Starting off 2015, dealers surveyed by Ag Equipment Intelligence and Cleveland Research Co. say that, on average, they’re expecting overall sales to decline 11% for the year. Compared to what the major equipment manufacturers are forecasting, the dealers’ outlook appears almost optimistic. And it doesn’t appear the dealers are necessarily on the same page as their chief suppliers in their outlooks for the year.
According to Ag Equipment Intelligence’s most recent “Dealer Sentiments & Business Conditions Update” report, issued on Feb. 27, the 11% year-over-year drop for the full-year 2015 compares with the down 8% forecast in December, but similar to the 10% decline projected in the November survey.
By brand, New Holland dealers were the most optimistic in their outlook for the year, forecasting a dropoff of 6%. Shortline and other dealers who are projecting a decline of 7% followed them. AGCO dealers see sales falling by 10%, John Deere and Kubota dealers expect an 11% decline. Case IH dealers continue to be the least optimistic, forecasting a sales decrease of 14% for the year ahead.

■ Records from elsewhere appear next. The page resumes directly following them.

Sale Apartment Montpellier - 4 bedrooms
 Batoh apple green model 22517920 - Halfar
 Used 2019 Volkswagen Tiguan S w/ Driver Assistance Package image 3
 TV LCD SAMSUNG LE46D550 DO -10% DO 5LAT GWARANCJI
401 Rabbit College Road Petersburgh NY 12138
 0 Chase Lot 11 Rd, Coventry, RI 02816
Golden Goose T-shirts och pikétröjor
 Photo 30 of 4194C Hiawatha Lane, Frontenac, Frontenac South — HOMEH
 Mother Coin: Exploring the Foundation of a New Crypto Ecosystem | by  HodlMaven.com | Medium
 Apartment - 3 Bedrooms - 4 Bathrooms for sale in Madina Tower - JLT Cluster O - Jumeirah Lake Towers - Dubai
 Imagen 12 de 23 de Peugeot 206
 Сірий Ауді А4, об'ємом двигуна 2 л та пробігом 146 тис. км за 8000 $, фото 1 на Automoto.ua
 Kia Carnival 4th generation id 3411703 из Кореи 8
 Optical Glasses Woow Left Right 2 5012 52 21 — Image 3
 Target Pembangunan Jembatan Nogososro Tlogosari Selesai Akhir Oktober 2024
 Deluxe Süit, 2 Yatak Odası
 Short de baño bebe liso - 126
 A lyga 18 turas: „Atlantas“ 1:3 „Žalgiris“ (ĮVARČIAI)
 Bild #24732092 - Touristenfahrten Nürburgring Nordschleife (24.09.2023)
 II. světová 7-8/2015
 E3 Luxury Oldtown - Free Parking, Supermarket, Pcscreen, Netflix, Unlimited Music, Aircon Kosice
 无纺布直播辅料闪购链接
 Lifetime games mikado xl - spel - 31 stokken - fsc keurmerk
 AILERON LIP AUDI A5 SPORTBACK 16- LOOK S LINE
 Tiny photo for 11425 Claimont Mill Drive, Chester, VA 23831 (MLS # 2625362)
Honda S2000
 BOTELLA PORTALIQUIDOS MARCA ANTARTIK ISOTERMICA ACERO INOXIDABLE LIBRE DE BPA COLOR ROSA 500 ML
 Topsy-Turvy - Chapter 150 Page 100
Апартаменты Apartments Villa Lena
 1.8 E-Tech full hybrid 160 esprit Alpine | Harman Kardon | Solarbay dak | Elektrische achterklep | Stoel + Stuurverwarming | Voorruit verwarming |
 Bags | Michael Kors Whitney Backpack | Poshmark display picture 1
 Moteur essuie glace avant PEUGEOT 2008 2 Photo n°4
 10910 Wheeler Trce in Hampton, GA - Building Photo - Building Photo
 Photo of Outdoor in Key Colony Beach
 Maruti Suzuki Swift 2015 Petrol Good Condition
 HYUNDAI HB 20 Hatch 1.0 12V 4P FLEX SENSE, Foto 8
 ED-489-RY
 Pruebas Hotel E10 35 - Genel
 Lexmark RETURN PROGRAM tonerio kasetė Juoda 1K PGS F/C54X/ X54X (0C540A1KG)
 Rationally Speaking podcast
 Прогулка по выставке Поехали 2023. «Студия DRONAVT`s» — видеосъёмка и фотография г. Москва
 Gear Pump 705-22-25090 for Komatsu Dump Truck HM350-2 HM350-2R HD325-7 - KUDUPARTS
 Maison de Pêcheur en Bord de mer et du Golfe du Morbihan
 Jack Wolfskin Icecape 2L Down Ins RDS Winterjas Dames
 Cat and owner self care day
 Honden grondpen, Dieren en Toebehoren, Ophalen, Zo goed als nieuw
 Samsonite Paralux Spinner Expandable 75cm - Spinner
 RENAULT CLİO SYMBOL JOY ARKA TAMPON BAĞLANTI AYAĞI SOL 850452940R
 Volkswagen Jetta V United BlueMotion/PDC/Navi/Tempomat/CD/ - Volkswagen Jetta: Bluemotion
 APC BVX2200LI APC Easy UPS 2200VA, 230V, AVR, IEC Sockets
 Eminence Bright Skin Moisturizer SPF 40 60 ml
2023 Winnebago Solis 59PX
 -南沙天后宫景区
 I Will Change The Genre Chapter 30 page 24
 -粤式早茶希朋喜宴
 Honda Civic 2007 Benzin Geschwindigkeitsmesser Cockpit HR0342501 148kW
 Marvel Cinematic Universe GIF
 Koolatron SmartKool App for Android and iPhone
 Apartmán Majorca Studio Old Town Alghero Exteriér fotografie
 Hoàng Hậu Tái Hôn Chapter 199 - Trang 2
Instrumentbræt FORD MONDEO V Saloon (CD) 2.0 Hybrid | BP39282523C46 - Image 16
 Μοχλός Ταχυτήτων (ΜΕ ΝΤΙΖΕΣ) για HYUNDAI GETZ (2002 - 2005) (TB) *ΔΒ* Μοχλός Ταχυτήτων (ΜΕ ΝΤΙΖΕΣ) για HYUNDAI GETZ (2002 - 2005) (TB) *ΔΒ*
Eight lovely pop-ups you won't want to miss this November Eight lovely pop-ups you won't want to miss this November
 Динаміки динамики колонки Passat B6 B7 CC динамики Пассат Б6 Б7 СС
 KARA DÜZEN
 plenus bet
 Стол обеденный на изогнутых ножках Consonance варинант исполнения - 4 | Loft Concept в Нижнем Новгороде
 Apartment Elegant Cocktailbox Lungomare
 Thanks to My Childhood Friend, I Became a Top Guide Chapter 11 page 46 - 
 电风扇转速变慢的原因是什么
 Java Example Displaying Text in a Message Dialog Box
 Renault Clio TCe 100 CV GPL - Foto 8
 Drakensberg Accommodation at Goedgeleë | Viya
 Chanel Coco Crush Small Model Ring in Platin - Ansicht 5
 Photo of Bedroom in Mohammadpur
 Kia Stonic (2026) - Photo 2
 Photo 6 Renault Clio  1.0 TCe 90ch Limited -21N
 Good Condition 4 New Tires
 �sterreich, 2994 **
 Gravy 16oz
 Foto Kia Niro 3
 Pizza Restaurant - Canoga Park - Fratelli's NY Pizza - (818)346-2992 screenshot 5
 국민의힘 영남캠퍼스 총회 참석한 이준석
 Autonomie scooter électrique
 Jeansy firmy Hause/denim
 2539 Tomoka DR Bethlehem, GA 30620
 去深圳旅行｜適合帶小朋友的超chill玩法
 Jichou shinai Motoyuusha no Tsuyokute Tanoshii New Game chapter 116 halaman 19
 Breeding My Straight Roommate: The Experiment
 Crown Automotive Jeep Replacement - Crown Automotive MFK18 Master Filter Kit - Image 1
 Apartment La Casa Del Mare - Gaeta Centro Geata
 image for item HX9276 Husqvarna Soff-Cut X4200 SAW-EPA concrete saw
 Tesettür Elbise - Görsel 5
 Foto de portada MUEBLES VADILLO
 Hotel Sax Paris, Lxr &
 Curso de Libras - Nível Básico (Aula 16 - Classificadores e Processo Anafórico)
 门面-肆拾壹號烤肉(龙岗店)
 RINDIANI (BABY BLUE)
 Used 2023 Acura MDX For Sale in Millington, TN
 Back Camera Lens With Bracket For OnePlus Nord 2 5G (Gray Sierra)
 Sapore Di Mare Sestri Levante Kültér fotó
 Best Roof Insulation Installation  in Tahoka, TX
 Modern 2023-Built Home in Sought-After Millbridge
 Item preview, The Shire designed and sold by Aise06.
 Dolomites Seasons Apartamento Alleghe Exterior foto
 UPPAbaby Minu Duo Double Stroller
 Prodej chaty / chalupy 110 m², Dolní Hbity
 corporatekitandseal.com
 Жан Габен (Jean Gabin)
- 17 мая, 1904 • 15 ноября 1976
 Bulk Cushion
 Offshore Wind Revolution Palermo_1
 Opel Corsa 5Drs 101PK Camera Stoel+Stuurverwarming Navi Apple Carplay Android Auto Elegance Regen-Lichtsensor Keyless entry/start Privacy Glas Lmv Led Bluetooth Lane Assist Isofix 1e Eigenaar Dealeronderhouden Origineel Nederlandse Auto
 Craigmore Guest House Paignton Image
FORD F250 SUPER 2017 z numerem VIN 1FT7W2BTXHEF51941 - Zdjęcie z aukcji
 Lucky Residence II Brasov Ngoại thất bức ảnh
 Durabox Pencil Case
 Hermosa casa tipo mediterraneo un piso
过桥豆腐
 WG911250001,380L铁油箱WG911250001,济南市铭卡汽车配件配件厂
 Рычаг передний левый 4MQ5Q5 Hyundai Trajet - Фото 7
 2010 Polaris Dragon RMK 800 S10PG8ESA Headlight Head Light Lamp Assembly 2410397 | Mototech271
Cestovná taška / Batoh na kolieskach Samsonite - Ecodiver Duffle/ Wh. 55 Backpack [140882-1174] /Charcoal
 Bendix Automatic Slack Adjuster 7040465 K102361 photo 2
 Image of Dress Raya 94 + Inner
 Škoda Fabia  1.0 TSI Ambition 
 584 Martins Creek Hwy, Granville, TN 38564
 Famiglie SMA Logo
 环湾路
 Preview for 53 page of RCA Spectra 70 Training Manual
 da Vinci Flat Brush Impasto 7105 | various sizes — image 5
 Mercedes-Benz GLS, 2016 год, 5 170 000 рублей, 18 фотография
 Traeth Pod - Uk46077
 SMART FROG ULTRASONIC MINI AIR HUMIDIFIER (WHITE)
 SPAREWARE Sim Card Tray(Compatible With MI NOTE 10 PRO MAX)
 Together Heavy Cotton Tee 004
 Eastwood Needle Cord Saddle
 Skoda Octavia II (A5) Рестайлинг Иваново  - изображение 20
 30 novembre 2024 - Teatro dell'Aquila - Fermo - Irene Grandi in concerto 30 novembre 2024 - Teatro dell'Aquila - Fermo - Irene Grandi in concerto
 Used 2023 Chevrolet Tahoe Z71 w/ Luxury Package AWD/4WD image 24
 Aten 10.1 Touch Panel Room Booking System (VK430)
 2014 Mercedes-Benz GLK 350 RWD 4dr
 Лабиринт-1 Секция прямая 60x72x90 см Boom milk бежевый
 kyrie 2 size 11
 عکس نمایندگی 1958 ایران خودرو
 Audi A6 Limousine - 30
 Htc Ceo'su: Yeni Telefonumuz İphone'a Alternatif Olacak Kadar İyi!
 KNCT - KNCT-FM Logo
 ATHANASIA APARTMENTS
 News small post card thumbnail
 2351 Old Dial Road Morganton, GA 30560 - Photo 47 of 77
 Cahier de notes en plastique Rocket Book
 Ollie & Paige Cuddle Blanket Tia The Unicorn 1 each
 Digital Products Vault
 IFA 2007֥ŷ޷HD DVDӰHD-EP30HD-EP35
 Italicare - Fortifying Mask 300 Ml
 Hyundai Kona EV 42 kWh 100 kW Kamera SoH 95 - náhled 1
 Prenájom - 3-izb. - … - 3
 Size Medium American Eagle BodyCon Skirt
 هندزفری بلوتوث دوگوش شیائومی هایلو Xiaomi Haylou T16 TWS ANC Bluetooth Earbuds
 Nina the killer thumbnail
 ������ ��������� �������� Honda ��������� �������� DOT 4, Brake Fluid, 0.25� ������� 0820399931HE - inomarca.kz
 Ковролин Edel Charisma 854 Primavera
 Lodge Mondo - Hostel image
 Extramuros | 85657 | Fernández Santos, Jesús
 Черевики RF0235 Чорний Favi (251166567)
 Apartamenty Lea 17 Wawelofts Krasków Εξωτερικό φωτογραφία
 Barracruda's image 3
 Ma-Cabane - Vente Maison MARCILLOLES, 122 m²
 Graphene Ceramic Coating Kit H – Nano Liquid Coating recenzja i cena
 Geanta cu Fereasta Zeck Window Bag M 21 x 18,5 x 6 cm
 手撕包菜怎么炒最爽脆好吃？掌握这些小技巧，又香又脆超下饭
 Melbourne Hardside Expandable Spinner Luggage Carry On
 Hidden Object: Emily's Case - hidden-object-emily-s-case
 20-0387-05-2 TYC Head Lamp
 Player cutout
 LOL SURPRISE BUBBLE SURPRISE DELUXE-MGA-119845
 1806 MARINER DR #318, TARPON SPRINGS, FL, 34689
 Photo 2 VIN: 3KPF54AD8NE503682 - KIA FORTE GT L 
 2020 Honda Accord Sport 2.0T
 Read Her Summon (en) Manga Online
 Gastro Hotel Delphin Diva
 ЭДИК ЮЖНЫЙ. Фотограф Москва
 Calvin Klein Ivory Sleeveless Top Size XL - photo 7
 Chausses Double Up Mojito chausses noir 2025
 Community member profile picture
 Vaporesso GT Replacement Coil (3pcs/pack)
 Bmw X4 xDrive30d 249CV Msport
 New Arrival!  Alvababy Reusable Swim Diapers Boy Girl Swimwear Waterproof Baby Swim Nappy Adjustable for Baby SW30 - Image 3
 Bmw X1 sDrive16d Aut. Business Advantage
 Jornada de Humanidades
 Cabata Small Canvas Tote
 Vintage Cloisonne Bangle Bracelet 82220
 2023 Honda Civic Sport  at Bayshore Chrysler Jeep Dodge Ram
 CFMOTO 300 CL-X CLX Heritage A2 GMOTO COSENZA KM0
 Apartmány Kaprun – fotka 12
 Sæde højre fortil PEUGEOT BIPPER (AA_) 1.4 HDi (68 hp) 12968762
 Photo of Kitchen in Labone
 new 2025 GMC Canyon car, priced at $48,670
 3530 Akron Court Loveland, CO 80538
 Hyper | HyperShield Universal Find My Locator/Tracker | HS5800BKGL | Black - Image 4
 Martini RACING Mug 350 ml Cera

As for the manufacturers themselves, Deere reported last month that it was expecting declining North American sales in the range of 25-30%. In January, CNHI revised its industry forecast for North America and now expects tractors to be down 0-5% (from flat), with falloffs of 15-20% in high horsepower tractors (from down 10-15%), and combines are expected to decline 25-30% (from down 10%-15%). In January, AGCO reiterated its sales outlook, which includes an overall drop in equipment sales of 5-10%, with high horsepower tractor sales expected to decline by more than 20%.
The Assn. of Equipment Manufacturers is expected to release February 2015 unit sales today (Mar. 10). In January, total North American tractor sales rose by 3% year-over-year compared to a drop of 2% in December. All of the growth came in the less than 40 horsepower (18%) and the 40-100 horsepower (12%) tractor categories. Unit sales of large tractors (more than 100 horsepower) fell by 5% year-over-year, while combines declined by 53%, to the lowest level since January 2012.